The Perfect Focus

Finding focus in a blurry world…

Your disabled, you understand…

This is a thought that popped into my head lately. And it comes from a friend sent some time ago when we where discussing their disability.

But your disabled, you know what it’s like, you understand…

child_manual_w_chair Yes, this is true, I am disabled. The fact is I am visually disabled… I am sorry if even I a self-proclaimed advocate for disabled children do not understand what it is like.

I do not understand what it is like not to be able to hear, I do not understand what it is like not being able to see, being totally blind (remember I can see fairly well as legally blind people go).

I understand what it is like to not be able to see across the street, but not what it must be like to sit in a wheelchair and worry about steps and ramps.

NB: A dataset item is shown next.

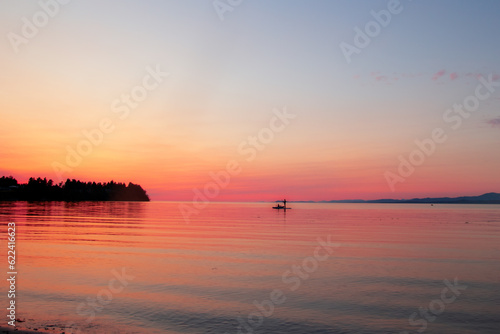 Ocean beach in sunrise and silhouette of a man on paddle boat. © Saeedatun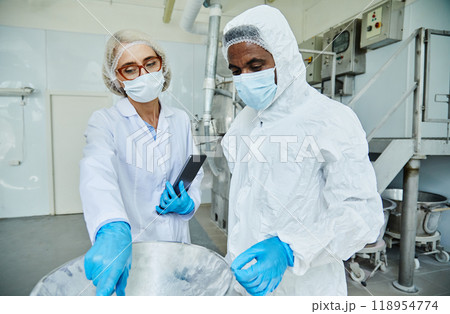 Medium shot of female process supervisor in lab coat pointing at equipment controlling production quality with African American male manufacturing technician, working in protective suit at factory 118954774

I don’t know what it’s like not to be able to hold a pencil to write my name, or be the child that understands every thing that is going on around them, but not be able to speak. I don’t know what it is like to need some one to help me get dressed or use the bathroom.

However there are things I do know. I DO know what it’s like to be stared at, even if I can’t see who is doing the staring, trust me, I can feel you. I DO know what it’s like to be laughed at or pointed at… asked questions, how, when, why… can it be fixed… I DO know what it’s like in school, to be left out or left behind and the last one picked… and needing some one else to take you where you need to go.

I don’t know what it’s like to have a child or be the child that has already spent half their life in a hospital, or making countless trips to therapy sessions… or be the child that has their life scheduled around therapy rather then a Little League game.

So, please… forgive me if I am the one doing the staring or asking the questions… I’m only human… You probably have some questions of your own for me, so be polite, ask… we’ll talk … and then get on being friends.

How is therapy going?
Can I have a ride in your wheelchair?
Yes, you can check out my white cane, just don’t use it like a sword!

I understand what it’s like to be disabled like me… not what it’s like to be disabled like you

  • Filed under: Personal
  • Rolling in style…

    Little buddy Cole just posted! He’s rolling in style now… He just received his new fully accessible van, thanks to the 2009 Honda Helpful AwardsCheck out his post, with photos

    Awesome little dude, just frik’n awesome

    Orientation and Mobility: Trust the Cane + Steps!

    Well today I had yet another exciting mobility lesson with Elaine; and I do mean exciting, and nerve-racking to say the least. Today was yet another “Trust the Cane” exercise, this time at a local mall; but not to worry it was not too crowded on a Wednesday afternoon, so people were not the main issue at hand.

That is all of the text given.